Mercury is a small, rocky planet about which researchers know relatively little. Two missions, taking readings as they passed over the planet, have revealed that Mercury is covered by an iron-poor and sulfur-rich crust. It is also reduced, a chemical state in which the substances have gained electrons. In fact, it’s the most reduced planet in the solar system.

“Mercury’s surface looks completely different than Earth’s,” said Rajdeep Dasgupta, the Maurice Ewing Professor in Earth Systems Science and director of the Rice Space Institute Center for Planetary Origins to Habitability. “We couldn’t study its magmatic evolution using assumptions built off our understanding of Earth, and missions data are difficult to interpret. We had to find ways to bring the planet closer to our lab — specifically, through the meteorite Indarch.” 

Indarch, a meteorite that landed in Azerbaijan in 1891, looks very similar to the chemical makeup of Mercury. The researchers realized they could use Indarch to study how Mercury’s unique chemical makeup had shaped the planet, sharing their results in a recent publication.
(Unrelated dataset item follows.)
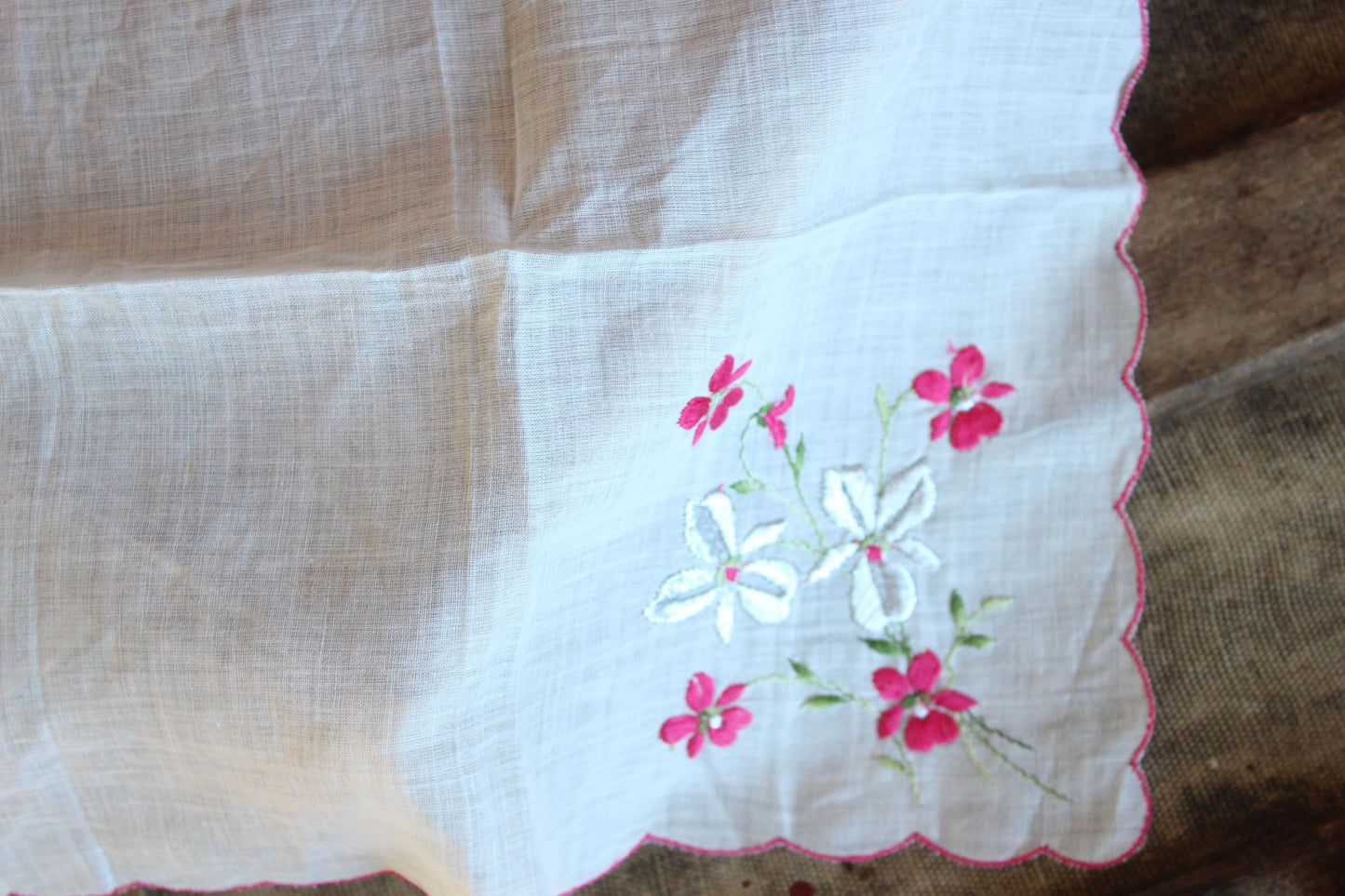 Vintage Silver Poinsettia Print Holiday Handkerchief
“Indarch chemically is as reduced as rocks on Mercury,” said Yishen Zhang, a postdoctoral researcher in Dasgupta’s lab and first author on the paper. “It is believed to be a possible building block of the planet,” 
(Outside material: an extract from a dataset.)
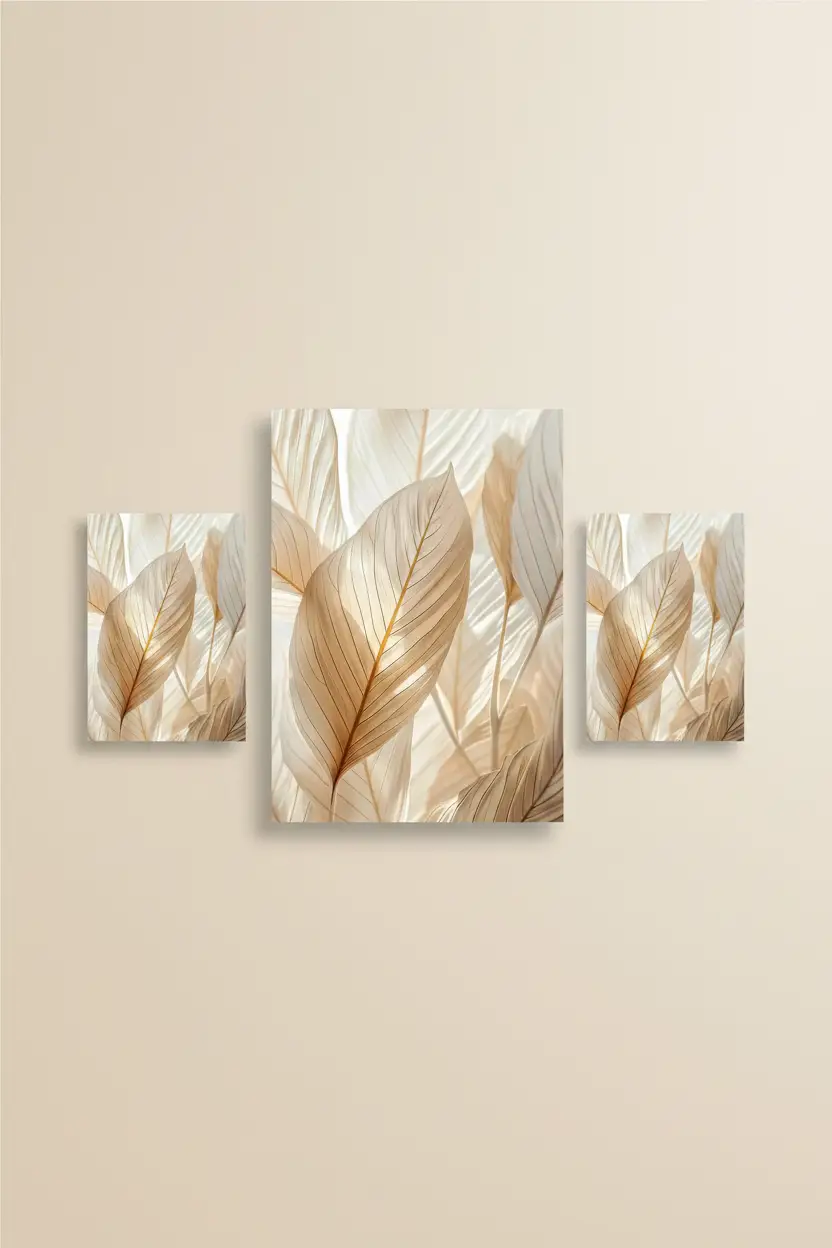 Le Velours Végétal — Affiche murale minimaliste sable ivoire feuilles nervures dorées, affiche murale minimaliste avec cadre bois, décoration murale salon ou chambre, style méditerranéen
Zhang used a model melt composition of Indarch to cook his own Mercury rocks in a high-pressure, high-temperature facility. The process was fairly simple: mix Indarch’s chemical ingredients together in a small glass vial, change the settings in the facility to match the conditions on Mercury, add in the chemicals and cook. 
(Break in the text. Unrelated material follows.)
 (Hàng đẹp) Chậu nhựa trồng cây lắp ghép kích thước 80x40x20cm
“This process of cooking a rock can show us what happened chemically inside of Mercury,” Zhang said. “By using the temperature, pressure and chemical constraints derived from spacecraft observations and models, we recreate Mercurylike conditions to understand how magmas form and evolve there — even without direct samples from the planet.” 

What Zhang found is that sulfur lowers the temperature at which these reduced melted rocks begin to crystallize. That means sulfur-rich magmas on Mercury may stay molten at lower temperatures than similar magmas on Earth. The reason for this significantly decreased crystallization temperature, Zhang found, is because of Mercury’s unique chemical composition: low iron, high sulfur and the chemically reduced state. 

Sulfur is a promiscuous element — it likes to be bound to other elements, usually iron. Iron-rich planets like Mars and Earth have most of their sulfur bound to iron. Mercury’s low iron content, however, meant that its sulfur was looking for new binding partners. Specifically, it could bind to major rock-forming elements like magnesium and calcium. 

On Earth, these rock-forming elements would typically bind to oxygen, resulting in a stable structure called a silicate network made up of silicon, oxygen and rock-forming elements. When sulfur replaces oxygen, however, that network becomes weaker and crystalizes at a lower temperature. 

“As Indarch may represent Mercury’s proto-planet state,” Zhang said, “these experiments show that Mercury likely formed with sulfur occupying a structural position that on Earth belongs to oxygen. This fundamentally changes how the planet’s mantle solidified.” 

“This is a fascinating glimpse of how Mercury may have evolved as a planet to its unique current-day surface chemistry,” Dasgupta said. “More importantly, it provides a way for us to think about planets not based on how Earth was formed, but based on their own unique chemistry and magmatic processes under vastly different conditions. What water or carbon does to magmatic evolution of Earth, sulfur does on Mercury.”  

This work was supported by NASA grants (80NSSC18K0828 and 80NSSC24K0988) and by the Rice Space Institute Center for Planetary Origins to Habitability.